The electronic transmission controls on modern vehicles are impressive. With the advancement of this automotive technology vehicle manufacturers are able to increase fuel economy and provide better performance at the same time.
Through the use of these electronics today's transmissions have better shifting quality and shift timing. Although electronically controlled transmissions function in the same basic way as the hydraulic ones did back in the 60's the computer adds a new level of efficiency.
In the old days hydraulic controlled transmissions used a device called the governor to control line pressure. They used throttle position to make the decisions on when to shift up to the next gear. The TV (throttle valve ) cable was connected to the gas pedal. This controlled down shifting to a lower range know as the passing gear.
Most modern electronically controlled transmissions do not have governors anymore or even throttle pressure valve devices anymore. The decisions on what gear the transmission is to select is now performed by the transmission control module that activates shift solenoids on the valve body. Keep in mind these solenoids do not directly control the transmission clutches and bands. These are still engaged and disengaged by hydraulic fluid pressure. The solenoids simply control the fluid flow and pressure as dictated by the transmission control module and vehicle conditions that it senses.
At the heart of an electronic transmission control would be the TCM. The TCM relies on programming stored in its memory to provide gear shifting at the optimal time.
The first input the controller looks at to determine what action to apply is the position of the shifter. When the drive range is selected the control module will use its shift schedule to decide when to up shift automatically. The computer also looks at a few other things.
Things like engine temperature, and the load of the engine as determined by the map sensor, the speed of the vehicle determined by the vehicle speed sensor and also attention to the throttle position selected by the driver is obtained through the TPS sensor.

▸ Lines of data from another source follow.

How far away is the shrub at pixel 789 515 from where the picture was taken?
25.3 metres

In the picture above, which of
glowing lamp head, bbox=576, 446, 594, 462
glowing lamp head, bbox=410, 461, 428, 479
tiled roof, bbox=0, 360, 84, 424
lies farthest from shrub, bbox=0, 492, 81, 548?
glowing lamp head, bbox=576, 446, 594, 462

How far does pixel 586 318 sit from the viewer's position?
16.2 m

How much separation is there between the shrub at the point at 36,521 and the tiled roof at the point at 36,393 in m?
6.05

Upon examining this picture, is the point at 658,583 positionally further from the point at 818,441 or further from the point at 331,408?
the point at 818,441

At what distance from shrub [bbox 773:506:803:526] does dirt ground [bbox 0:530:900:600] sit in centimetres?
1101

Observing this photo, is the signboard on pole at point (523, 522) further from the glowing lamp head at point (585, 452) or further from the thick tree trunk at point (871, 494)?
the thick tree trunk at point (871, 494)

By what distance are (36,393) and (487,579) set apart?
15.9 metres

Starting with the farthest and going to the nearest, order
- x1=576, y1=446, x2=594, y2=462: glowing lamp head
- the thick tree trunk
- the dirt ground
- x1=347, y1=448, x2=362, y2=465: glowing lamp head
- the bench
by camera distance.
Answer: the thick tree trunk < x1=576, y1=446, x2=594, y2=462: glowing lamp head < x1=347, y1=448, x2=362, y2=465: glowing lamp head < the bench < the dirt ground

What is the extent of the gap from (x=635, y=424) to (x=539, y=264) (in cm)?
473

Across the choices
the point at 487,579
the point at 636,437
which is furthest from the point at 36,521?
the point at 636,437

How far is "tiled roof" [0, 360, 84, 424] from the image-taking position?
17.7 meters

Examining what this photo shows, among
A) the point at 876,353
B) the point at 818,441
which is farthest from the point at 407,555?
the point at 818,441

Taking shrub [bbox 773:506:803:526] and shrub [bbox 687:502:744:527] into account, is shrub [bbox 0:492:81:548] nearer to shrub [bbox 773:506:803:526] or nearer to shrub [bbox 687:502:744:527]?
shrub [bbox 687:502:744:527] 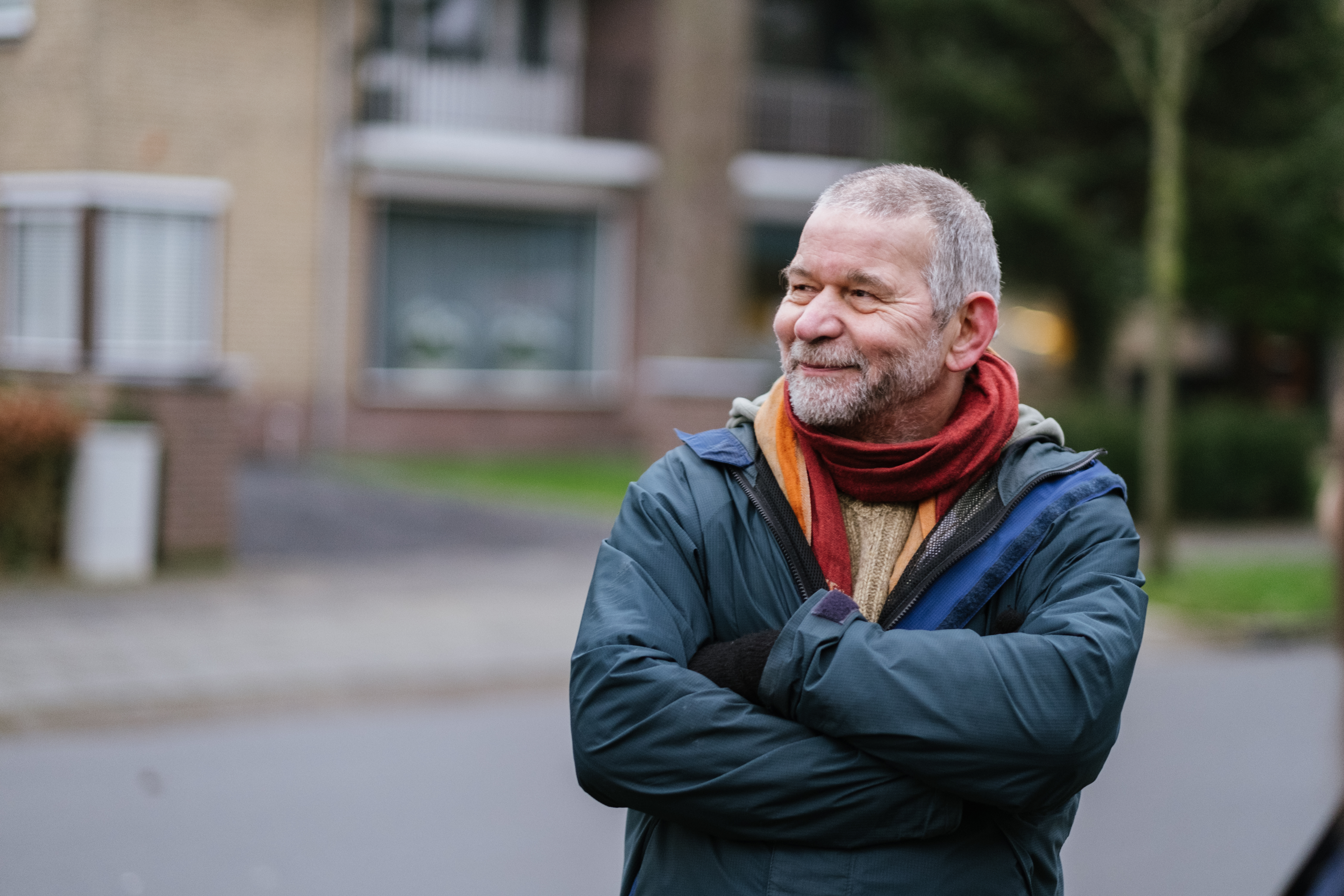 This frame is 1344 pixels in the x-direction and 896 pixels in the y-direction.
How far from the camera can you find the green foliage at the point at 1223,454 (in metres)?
15.0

A few other switches and sensors are monitored by the transmission controller. An important one is the brake switch which is used to disengage the torque converter clutch when the brakes are applied.
Although the brakes do not have anything to do with the up-and-down shifting of the gears it can notify the transmission control module that downshifting for engine braking would be welcomed.
One of the slicker electronic transmission controls would be for the ability of the TCM to learn the habits of the driver and provide a shift schedule that suits the driver’s needs. The transmission control module does this by monitoring and remembering the typical driving style of a driver and the operating conditions of the vehicle at the time.
With this information the TCM can adjust the timing of the shifts and the operation of the torque converter clutch to provide good power and smooth shifting at the right times. When electronic systems are capable of learning and storing memory in this manner they can be considered adaptive or smart.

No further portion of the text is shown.